From the line with "Blumengeburtstag Countdown rosa" through the final line of the entries below, write out each line exactly and nothing else.

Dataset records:
▶
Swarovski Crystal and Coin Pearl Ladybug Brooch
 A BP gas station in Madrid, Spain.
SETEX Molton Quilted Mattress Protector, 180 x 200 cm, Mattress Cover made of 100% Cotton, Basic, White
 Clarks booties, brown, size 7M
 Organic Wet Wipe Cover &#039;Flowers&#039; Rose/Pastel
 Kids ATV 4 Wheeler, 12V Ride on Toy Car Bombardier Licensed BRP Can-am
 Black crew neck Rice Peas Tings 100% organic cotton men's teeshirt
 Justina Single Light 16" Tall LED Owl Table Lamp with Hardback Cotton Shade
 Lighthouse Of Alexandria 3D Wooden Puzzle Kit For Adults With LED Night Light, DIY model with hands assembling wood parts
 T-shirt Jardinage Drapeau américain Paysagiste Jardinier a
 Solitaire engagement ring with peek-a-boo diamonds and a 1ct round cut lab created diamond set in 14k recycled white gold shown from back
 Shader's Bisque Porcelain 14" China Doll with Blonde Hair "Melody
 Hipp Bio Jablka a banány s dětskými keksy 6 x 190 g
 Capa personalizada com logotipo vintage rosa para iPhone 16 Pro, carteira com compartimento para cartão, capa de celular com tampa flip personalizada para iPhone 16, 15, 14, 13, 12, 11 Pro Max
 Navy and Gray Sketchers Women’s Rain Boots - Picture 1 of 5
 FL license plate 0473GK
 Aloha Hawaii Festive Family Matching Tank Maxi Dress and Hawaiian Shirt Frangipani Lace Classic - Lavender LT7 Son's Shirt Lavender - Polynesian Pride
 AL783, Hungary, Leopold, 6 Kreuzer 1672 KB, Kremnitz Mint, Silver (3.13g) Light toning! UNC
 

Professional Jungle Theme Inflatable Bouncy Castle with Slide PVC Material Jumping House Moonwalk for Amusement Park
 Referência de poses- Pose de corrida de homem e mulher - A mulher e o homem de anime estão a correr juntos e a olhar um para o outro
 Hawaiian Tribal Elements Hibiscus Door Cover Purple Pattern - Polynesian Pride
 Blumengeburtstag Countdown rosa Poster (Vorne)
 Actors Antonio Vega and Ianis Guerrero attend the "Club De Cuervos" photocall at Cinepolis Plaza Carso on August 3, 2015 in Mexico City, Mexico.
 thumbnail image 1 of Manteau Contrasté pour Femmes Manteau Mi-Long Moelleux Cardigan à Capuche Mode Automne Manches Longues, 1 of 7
◀
**OUTPUT**
 Blumengeburtstag Countdown rosa Poster (Vorne)
 Actors Antonio Vega and Ianis Guerrero attend the "Club De Cuervos" photocall at Cinepolis Plaza Carso on August 3, 2015 in Mexico City, Mexico.
 thumbnail image 1 of Manteau Contrasté pour Femmes Manteau Mi-Long Moelleux Cardigan à Capuche Mode Automne Manches Longues, 1 of 7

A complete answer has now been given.